In Jerusalem, I’m holding onto hope

“Did we just hear a siren?”
I was sitting in my room, with the door closed tight to bar my toddler out for the duration of a Zoom call, and only realized I heard something when the man on my screen said these words. Neither of us thought that we heard correctly, so we just went on with our meeting. Outside the room, I found out later, the world wasn’t as confused.
Less than a kilometer away, in Jerusalem’s center of town, families in blue and white were told to sit down on the ground near stone walls. People lay down the flags they brought to celebrate Yom Yerushalayim. Some took out sandwiches instead, and fed their crouching toddlers snacks. People sang “Am Israel Chai” and ate and waited. Parents held their children close.
By the time I came out of the room, those families were back to marching and to dancing. But the world around us altered, and the sense of danger shifted. The rising tensions of the week behind us morphed into a shooting war.
I don’t know what it is, exactly, that we’re facing. I can pray that we will find a way to avert a serious escalation, but recent history has taught me that such hopes might be in vain. But this I know, regardless of the exact contours of what’s before us: despite the stress to come, the fear and the confusion, we can’t afford to lose sight of some deeper, hidden truths.
Focus on the here and now, and you might as well give yourself over to anxiety. To panic. To terror. Allow the news to set your heart rate, and you will huff and puff and clutch your chest and be easy prey for those who wish you ill.
Because if all you see is here and now and oh-God-why-so-complicated, how can you feel anything but helpless, raw despair?
But we live in a city whose roots go into our distant past, into the tales and truths that shaped us. And in those depths, hope dwells, and a sense of equilibrium awaits us. It is there, and it is ready for the taking. But we need to slow ourselves, to listen, to go deep.
Slow down, and you’ll remember: Once upon a time, a man in search of God raised a knife upon this mountain, convinced that he will have to kill his son.
But the angel cried “Do not raise your hand against the boy,” and Abraham listened. And despite what seemed like the inevitable outcome, Isaac lived.
Slow down, once more, and you’ll remember: Once upon a time, King David resigned himself to watch his city ravaged by a plague that was ordained by God Himself as punishment. But then he cried “I alone am guilty, I alone have done wrong; but these poor sheep, what have they done? Let Your hand fall upon me and my father’s house!” and God listened.
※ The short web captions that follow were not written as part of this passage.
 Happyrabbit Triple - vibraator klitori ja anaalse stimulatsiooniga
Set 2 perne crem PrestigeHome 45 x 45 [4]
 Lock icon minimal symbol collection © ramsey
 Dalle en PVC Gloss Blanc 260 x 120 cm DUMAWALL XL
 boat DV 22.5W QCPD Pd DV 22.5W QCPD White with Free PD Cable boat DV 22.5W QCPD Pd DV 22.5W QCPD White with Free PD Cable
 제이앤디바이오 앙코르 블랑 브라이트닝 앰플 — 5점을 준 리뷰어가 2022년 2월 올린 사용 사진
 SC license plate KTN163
He told David to buy the plot of land that will become the Temple later and bring offerings upon it.
And once he did, the plague stopped.
Time and time and time again, this city crumbled under the weight of its own sins, and then under the weight of physical destruction. And time and time again, people fought for its spirit and fought to rebuild it and fought to make it a better version of itself. And now, after millennia when it was home to Jewish hearts, but rarely Jewish bodies, we prayed, and fought, and worked, and we are here.
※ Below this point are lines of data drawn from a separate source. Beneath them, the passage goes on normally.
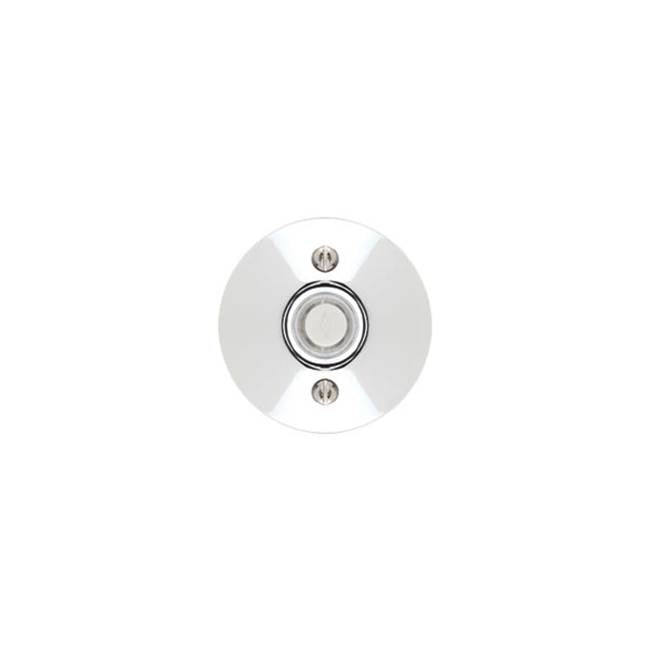 Emtek - Brass Doorbell, Modern Rosette, US26 - Polished Chrome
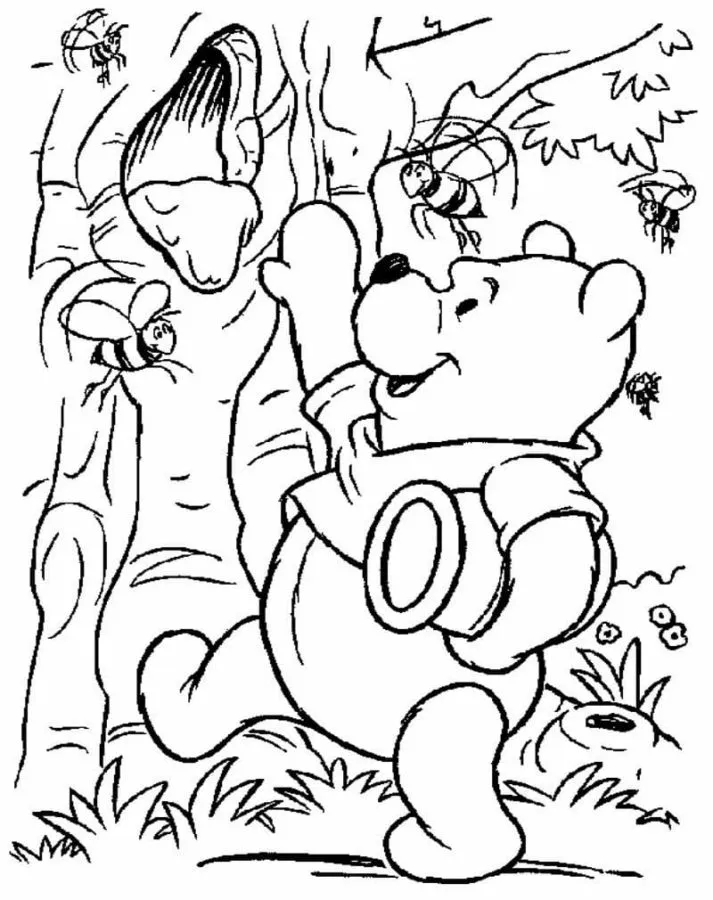 Dibujos para colorear e imprimir Winnie The Pooh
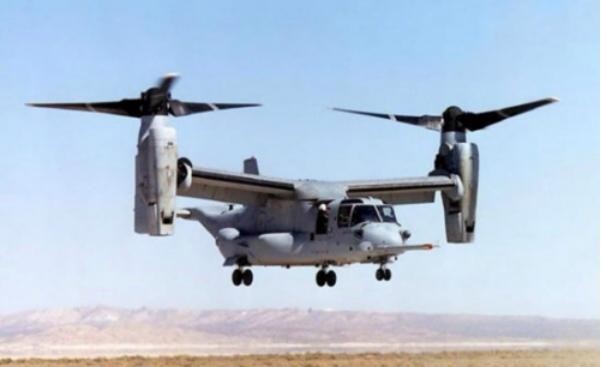 Máy bay vận tải cánh xoay nghiêng Osprey Mỹ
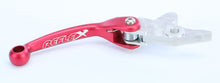 Load image into Gallery viewer, Streamline Reflex brake lever in red, motorcycle lever with ergonomic design and mounting hardware visible.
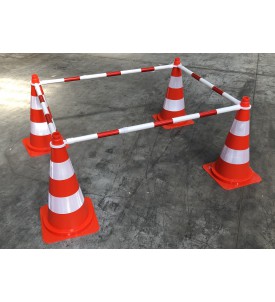 Barrière extensible pour cônes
So yes: we heard a siren yesterday, and violence is once again erupting all around us, and God knows that in this place of warring passions, escalation is never far from the surface of events.
But this place goes deep, and in its depths lie faith — and patience. We are part of a long and very ancient story. And this story whispers though the stones and streets and ancient hill sides, telling us that even at the razor edge of pending danger, we can — we must — have hope.
I pray for my brothers and sisters in the south and elsewhere, and I pray for a better future for all of us who share — often unwillingly — this beloved, ancient land. I know: today this future looks so grim, so hopeless. But like Avraham and David and the generations of dreamers and doers that made our presence here possible, I also know that a beautiful future can emerge even from the most grim of presents, and shed behind it even the most painful of pasts.